Write out the lines of the material below exactly, beginning at the line with "Welcome everybody to" and stopping after the line with "Now if we wanted", and leave out the pictures.

◆ INFORMATION:
====================
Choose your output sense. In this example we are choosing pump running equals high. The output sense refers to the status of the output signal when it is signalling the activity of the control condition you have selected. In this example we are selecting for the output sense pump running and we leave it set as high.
====================
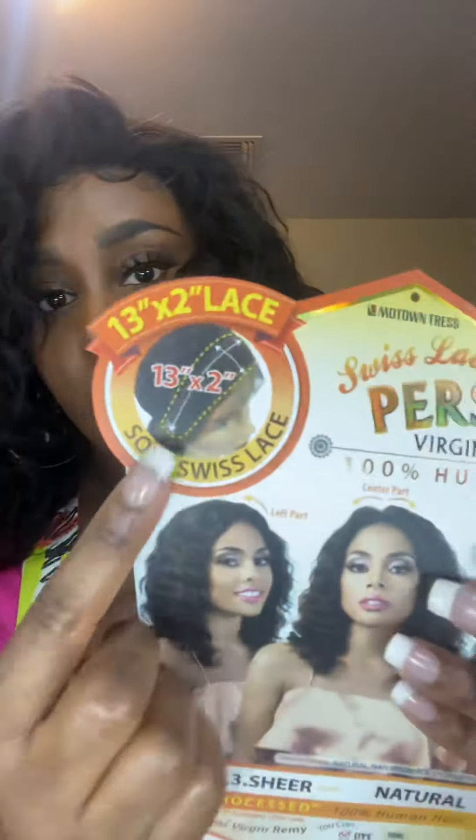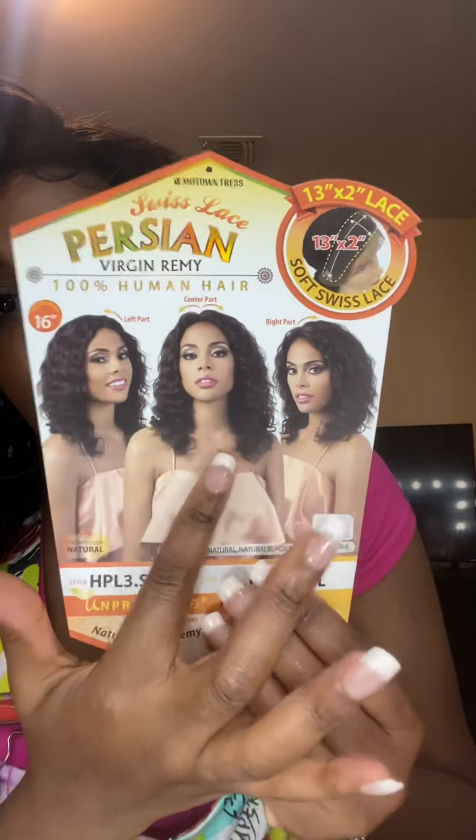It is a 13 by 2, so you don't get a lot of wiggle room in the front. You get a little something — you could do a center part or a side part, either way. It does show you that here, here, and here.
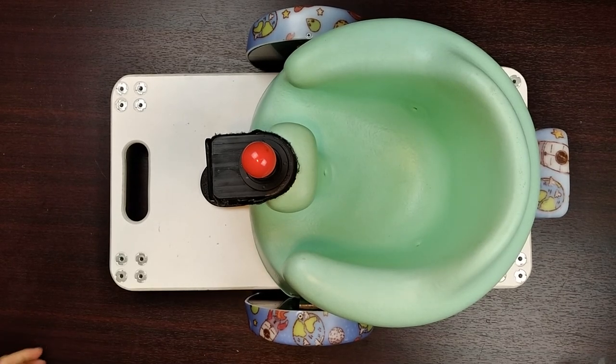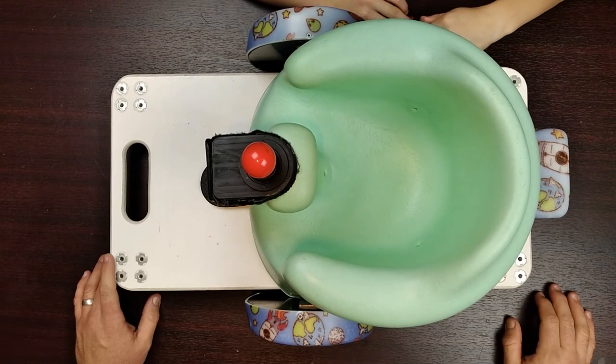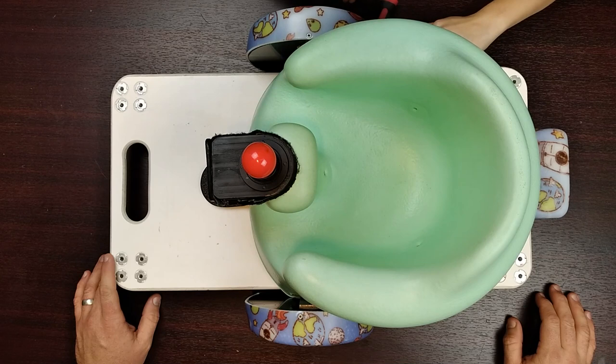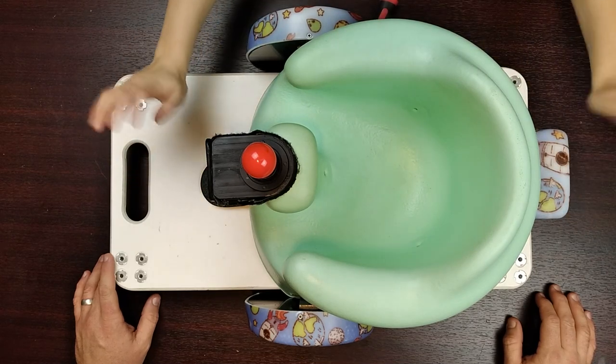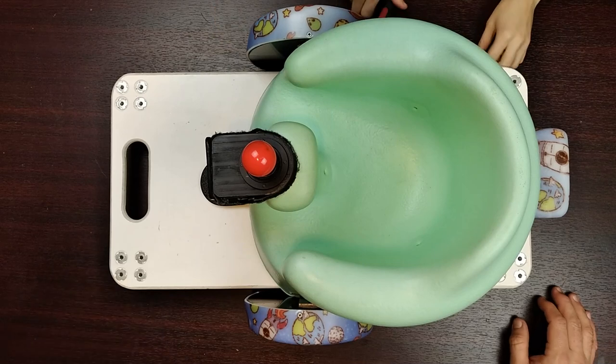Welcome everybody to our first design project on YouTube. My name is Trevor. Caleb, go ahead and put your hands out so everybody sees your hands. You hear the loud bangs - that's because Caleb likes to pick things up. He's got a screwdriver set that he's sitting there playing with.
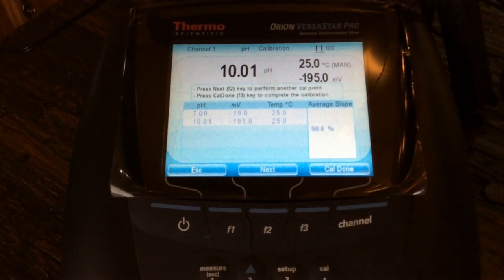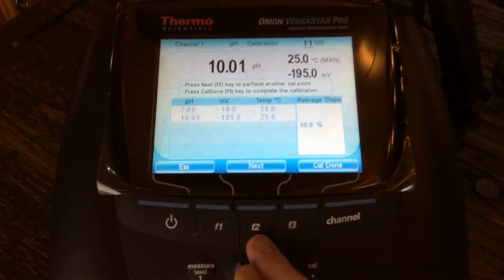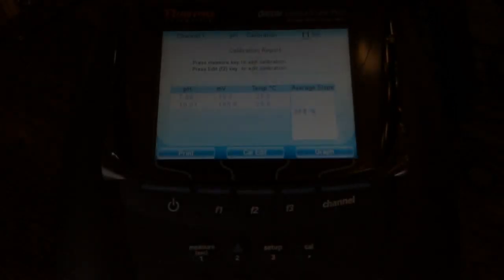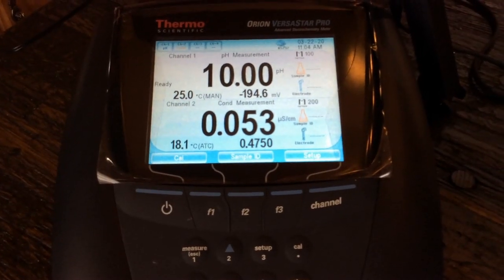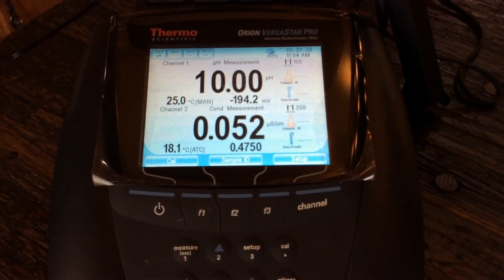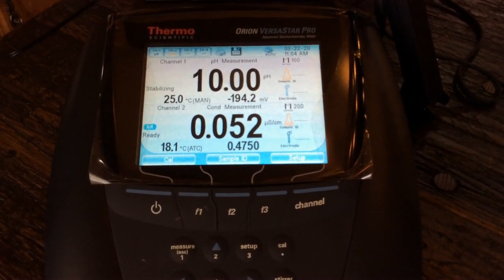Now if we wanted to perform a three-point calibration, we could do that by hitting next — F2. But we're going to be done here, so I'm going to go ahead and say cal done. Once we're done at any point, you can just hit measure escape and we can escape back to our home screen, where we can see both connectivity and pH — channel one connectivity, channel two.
====================
◆ RESULT OF THE EXERCISE:
Welcome everybody to our first design project on YouTube. My name is Trevor. Caleb, go ahead and put your hands out so everybody sees your hands. You hear the loud bangs - that's because Caleb likes to pick things up. He's got a screwdriver set that he's sitting there playing with.
Now if we wanted to perform a three-point calibration, we could do that by hitting next — F2. But we're going to be done here, so I'm going to go ahead and say cal done. Once we're done at any point, you can just hit measure escape and we can escape back to our home screen, where we can see both connectivity and pH — channel one connectivity, channel two.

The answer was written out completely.